Sending UTF-8 patches (was: [PATCH 2/2] Remove now-defunct ts7250 nand driver)

Jamie Lokier jamie at shareable.org
Wed Jan 6 13:07:05 EST 2010


David Woodhouse wrote:
> It looks like your patch has legacy garbage in it:
> 
> > - *   Copyright (C) 2004 Marius Gr<F6>ger (mag at sysgo.de)
> 
> It fails to apply because the ö (correctly represented as 0xc3 0xb6) has
> been converted into a single byte 0xf6 in some legacy character set.
>
> When applying patches, git-am does look at the Content-Type: header and
> convert legacy crap into UTF-8 for the changelog, but it leaves the
> patch itself alone.

That's unfortunate.  An option to git-am or it's subsidiary tools to
convert the patch as well as the commit would be useful.  After all it
_is_ made clear in the MIME header how it's formatted.

> Care to join us in the 21st century?

You mean send the mail in UTF-8 format when it only contains
characters in ISO-8859-1?  To make that the default behaviour of an
email sender would possibly violate RFC2045, which as far as I can
tell is still the prevailing standard, which is I guess why Mutt does
not do that in its default configuration, and recodes the text from
UTF-8 to 8859-1 when it can.  That's what 21st century tools do :-)

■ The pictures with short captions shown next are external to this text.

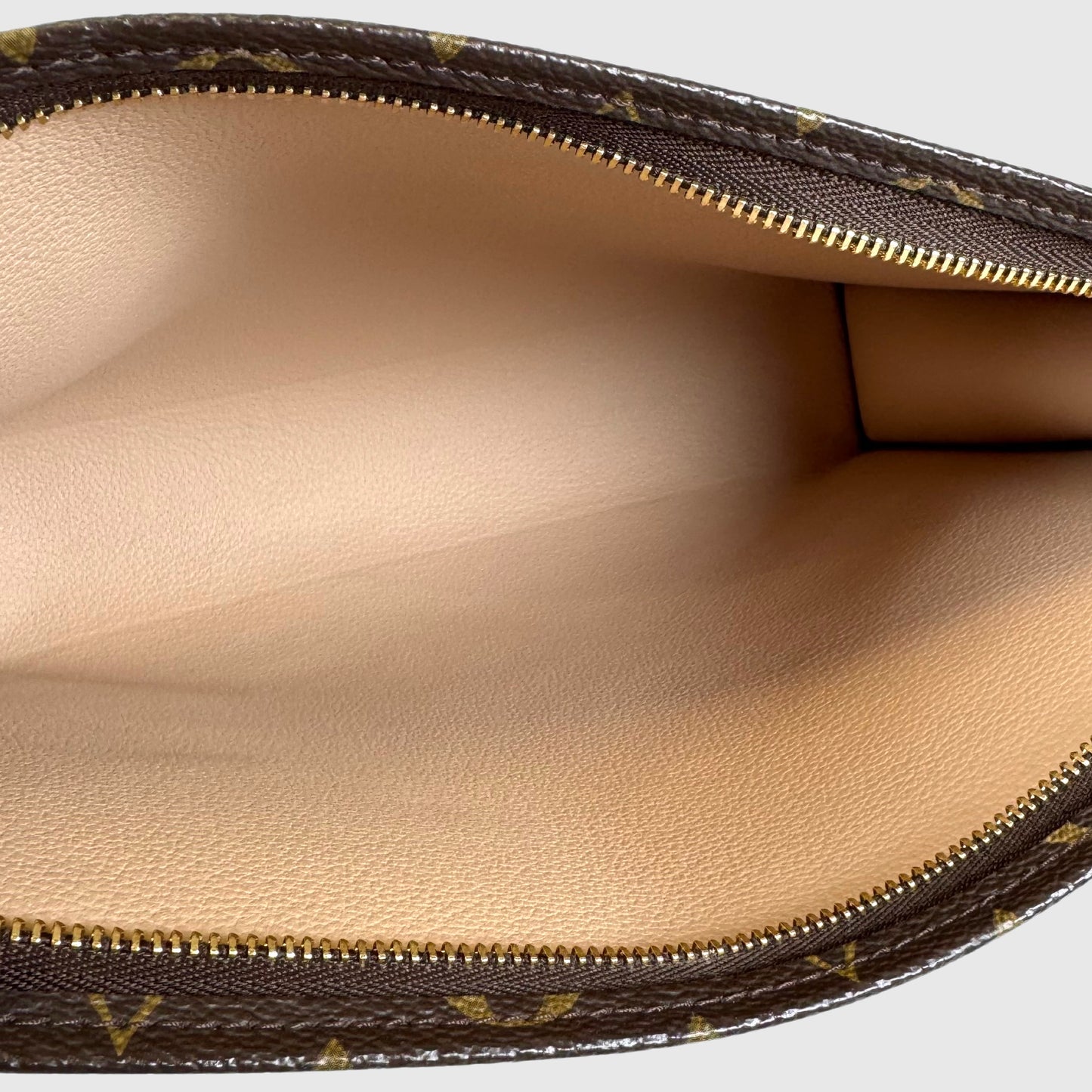 Louis Vuitton Toiletry Pouch 26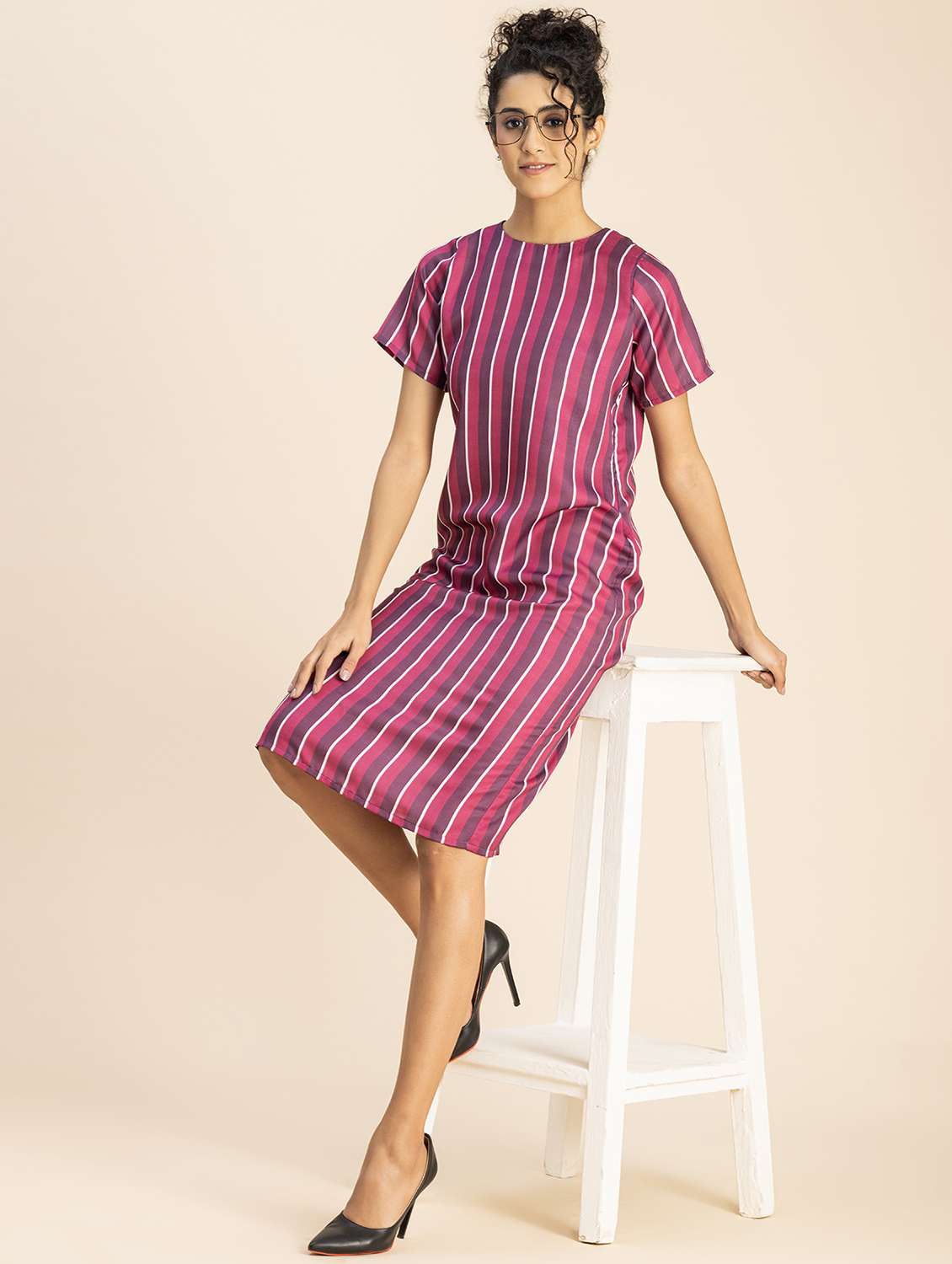 women purple stripes printed straight dress - 20817243 -  Standard Image - 3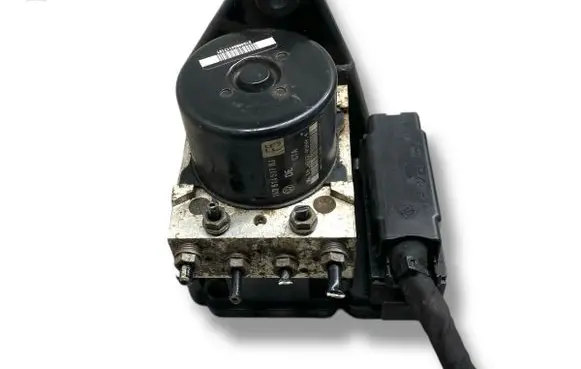 Volkswagen Golf VI ABS Pump 1K0907379AN 10061930671 10096103143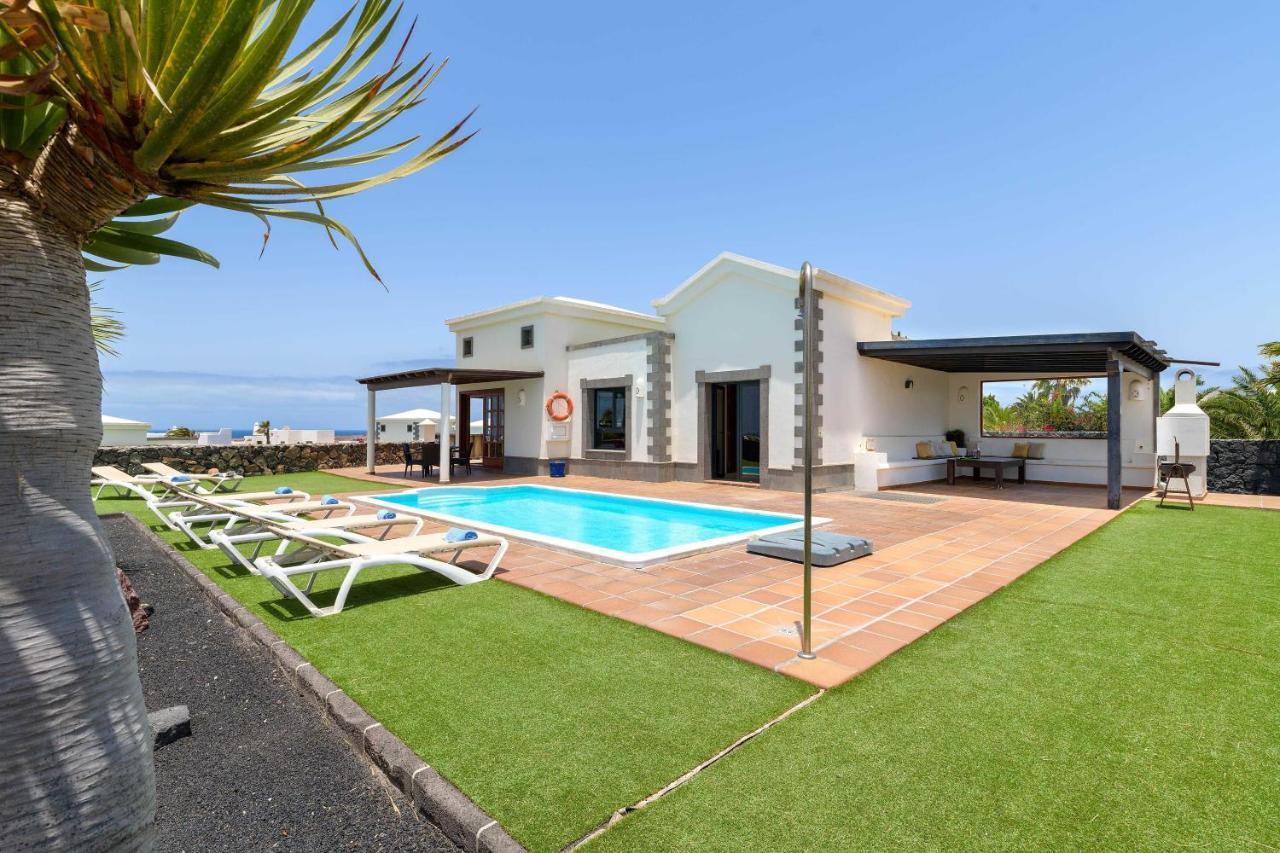 Villa Los Dragos Playa Blanca  Extérieur photo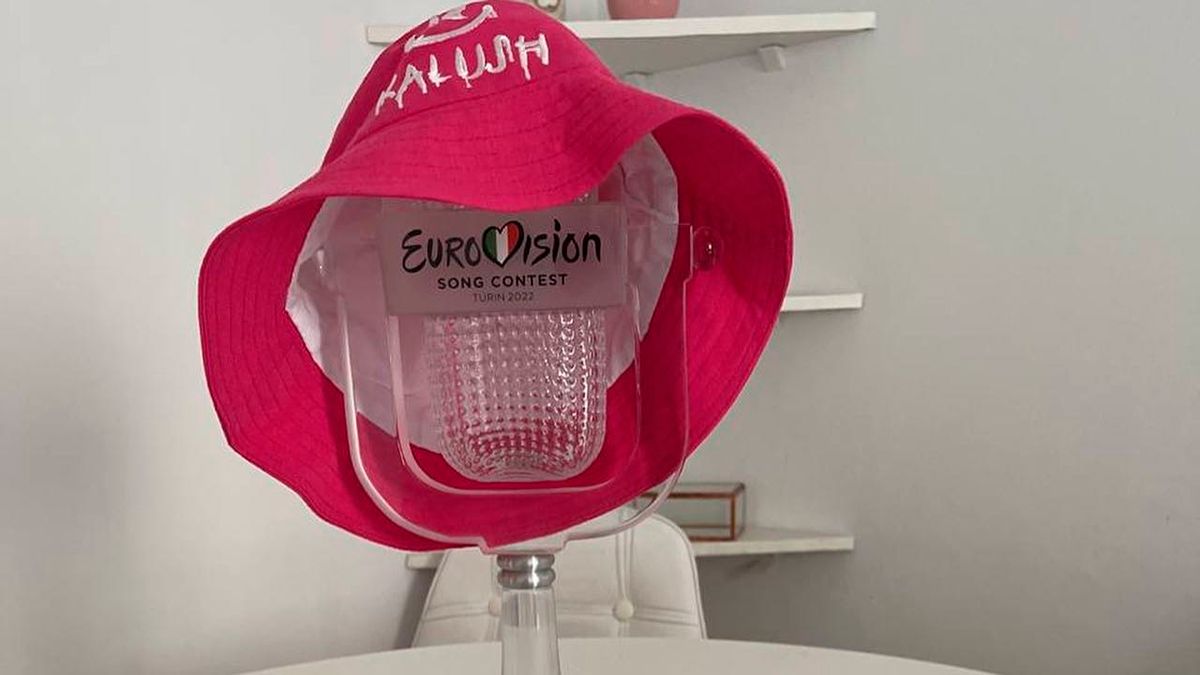 Kalush Orchestra отримав новий кубок Євробачення-2022 – що з ним буде далі Kalush Orchestra отримав новий кубок Євробачення-2022 – що з ним буде далі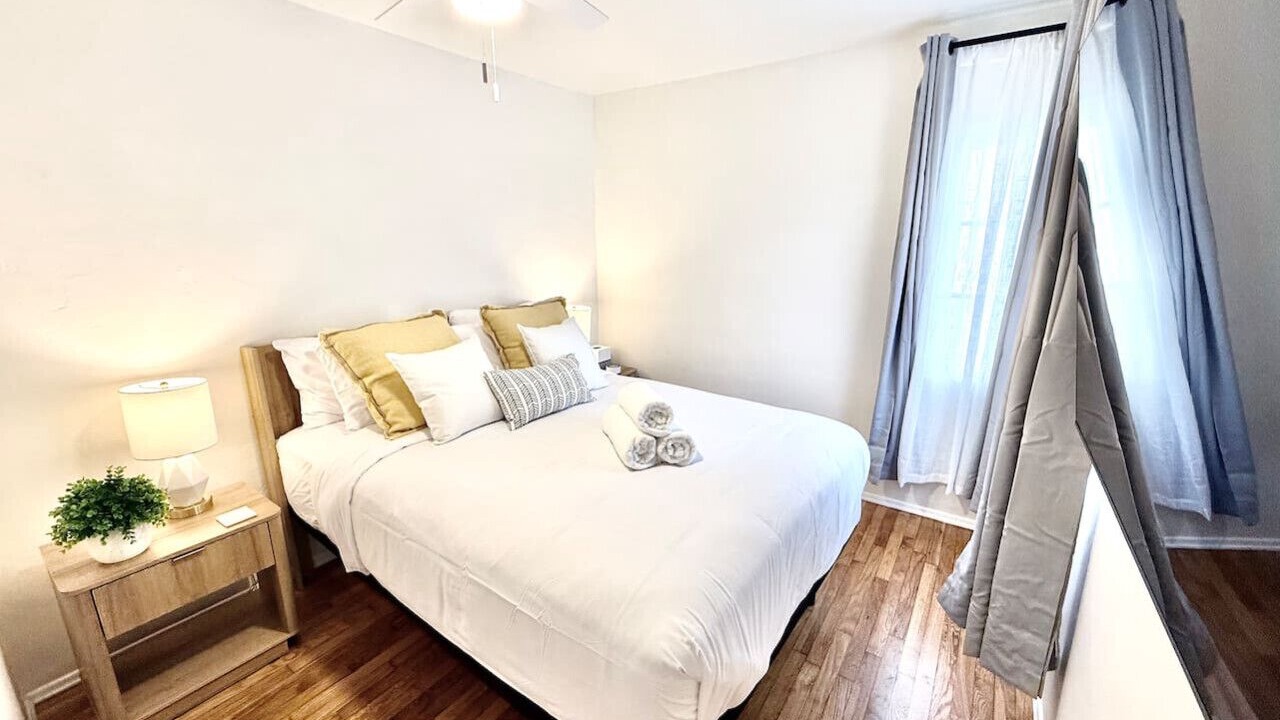 Photo of Bedroom in Little Italy
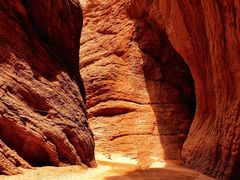 -天山神秘大峡谷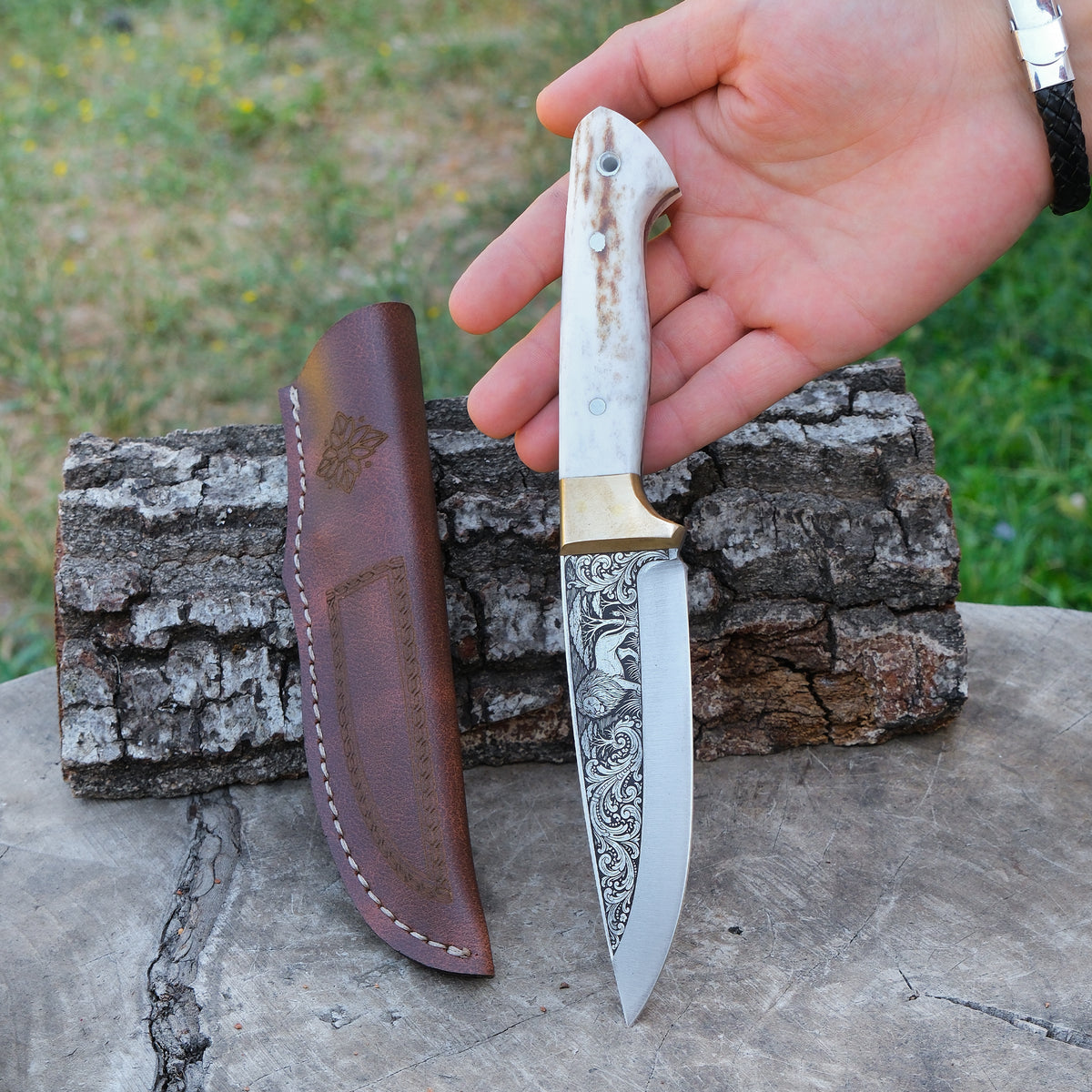Aslan Gravür İşlemeli Koleksiyon Bıçak - N690 Çeliği - Geyik Sap - 24 Cm
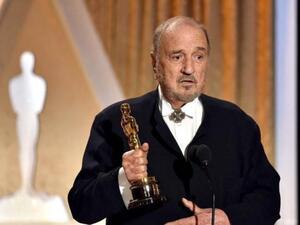 وفاة الأديب الفرنسي جان كلود كاريير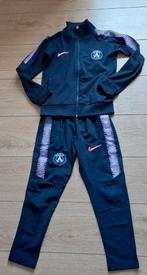 Nike trainingspak paris saint germain maat 128, Meisje, Sport- of Zwemkleding, Ophalen of Verzenden, Zo goed als nieuw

I guess it's time for a "send-hook" to use a different setting
specially for Linux mailing lists.

Do you instead mean send the patch in UTF-8 embedded in a mail encoded
as 8859-1?  That sounds quite difficult, if the patch is inline rather
than attached.

An option to git-am to DTRT sounds infinitely better to me.  Shame
it's not there; unfortunately it doesn't emit enough information to
make it easy with a wrapper script.

What settings do you use to get this right?